══ Data records

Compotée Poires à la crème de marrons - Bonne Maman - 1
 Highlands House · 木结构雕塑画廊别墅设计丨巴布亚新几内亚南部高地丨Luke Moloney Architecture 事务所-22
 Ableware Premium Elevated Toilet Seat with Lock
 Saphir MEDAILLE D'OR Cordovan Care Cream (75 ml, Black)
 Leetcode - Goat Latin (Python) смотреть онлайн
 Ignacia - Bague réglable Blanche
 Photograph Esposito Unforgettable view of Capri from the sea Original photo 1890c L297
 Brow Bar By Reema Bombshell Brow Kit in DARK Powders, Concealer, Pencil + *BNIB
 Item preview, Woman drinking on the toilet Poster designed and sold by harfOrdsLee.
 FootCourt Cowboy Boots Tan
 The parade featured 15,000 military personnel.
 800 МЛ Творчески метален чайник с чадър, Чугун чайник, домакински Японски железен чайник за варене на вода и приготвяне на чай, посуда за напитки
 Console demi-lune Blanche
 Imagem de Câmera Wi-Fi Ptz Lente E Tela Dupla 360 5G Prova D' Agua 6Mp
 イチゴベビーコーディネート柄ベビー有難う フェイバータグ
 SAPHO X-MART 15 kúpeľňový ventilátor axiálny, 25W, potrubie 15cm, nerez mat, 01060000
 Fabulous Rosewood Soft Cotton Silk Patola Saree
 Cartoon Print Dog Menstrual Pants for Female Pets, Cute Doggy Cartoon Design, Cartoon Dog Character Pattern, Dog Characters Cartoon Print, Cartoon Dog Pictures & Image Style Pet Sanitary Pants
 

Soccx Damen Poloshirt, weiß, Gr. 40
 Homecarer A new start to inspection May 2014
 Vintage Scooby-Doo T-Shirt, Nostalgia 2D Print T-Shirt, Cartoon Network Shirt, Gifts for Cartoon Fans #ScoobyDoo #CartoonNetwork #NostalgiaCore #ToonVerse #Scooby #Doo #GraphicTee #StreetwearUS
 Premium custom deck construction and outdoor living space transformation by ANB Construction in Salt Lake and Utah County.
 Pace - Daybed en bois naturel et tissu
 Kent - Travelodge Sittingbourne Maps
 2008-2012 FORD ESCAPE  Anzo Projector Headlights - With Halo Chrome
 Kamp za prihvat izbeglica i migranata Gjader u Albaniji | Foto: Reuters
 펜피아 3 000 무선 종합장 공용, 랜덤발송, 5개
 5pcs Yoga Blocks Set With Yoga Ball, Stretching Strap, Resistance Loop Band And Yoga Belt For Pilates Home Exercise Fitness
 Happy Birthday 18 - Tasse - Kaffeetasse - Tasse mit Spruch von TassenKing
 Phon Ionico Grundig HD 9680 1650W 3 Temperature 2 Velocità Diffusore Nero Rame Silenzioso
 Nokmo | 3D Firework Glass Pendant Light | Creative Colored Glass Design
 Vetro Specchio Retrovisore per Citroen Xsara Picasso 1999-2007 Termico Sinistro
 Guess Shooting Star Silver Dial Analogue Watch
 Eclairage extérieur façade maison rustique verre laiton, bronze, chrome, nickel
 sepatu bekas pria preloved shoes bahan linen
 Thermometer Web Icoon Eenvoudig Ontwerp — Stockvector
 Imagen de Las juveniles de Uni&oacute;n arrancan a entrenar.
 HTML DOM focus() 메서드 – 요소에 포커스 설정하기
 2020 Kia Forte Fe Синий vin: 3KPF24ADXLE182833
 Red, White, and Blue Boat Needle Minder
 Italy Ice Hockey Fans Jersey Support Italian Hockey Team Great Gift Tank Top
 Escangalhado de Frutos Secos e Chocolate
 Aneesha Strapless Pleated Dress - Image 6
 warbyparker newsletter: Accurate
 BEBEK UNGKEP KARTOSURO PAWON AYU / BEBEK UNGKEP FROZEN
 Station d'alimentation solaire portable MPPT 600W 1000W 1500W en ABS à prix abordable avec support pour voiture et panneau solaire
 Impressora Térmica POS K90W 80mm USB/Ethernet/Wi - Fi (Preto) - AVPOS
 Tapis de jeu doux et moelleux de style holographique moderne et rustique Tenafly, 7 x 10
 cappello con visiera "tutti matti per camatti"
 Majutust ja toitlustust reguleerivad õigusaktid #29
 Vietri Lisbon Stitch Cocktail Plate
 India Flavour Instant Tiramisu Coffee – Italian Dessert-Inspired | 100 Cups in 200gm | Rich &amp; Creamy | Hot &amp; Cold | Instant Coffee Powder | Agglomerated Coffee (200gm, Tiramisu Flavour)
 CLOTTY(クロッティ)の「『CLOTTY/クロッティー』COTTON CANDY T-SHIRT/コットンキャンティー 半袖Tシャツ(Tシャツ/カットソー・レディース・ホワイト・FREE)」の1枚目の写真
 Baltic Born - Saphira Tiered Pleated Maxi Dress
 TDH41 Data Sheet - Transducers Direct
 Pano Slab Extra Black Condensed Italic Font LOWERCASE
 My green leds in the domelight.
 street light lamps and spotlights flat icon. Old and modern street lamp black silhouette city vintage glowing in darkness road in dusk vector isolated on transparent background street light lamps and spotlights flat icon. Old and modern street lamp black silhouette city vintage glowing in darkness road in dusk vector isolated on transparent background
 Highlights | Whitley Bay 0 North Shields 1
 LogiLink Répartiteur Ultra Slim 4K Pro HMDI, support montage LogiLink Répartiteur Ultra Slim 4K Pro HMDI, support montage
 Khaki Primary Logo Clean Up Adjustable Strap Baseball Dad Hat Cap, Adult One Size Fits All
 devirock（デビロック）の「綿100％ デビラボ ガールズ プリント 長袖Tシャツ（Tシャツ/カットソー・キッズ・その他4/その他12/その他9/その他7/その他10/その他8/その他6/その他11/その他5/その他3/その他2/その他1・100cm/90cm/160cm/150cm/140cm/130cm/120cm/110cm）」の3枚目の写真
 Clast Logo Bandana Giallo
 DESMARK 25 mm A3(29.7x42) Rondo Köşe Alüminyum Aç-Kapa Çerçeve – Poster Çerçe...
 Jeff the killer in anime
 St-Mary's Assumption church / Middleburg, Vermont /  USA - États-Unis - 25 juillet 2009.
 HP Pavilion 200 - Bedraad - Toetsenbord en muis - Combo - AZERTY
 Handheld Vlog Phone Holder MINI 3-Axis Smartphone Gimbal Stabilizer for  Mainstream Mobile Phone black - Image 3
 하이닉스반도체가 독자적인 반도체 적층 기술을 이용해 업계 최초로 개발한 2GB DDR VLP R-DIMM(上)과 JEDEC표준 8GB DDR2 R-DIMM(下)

════

**Exercise details:** Compute the number of lines above that contain the string "Premium". Reply with that value only.

**Solution:** 2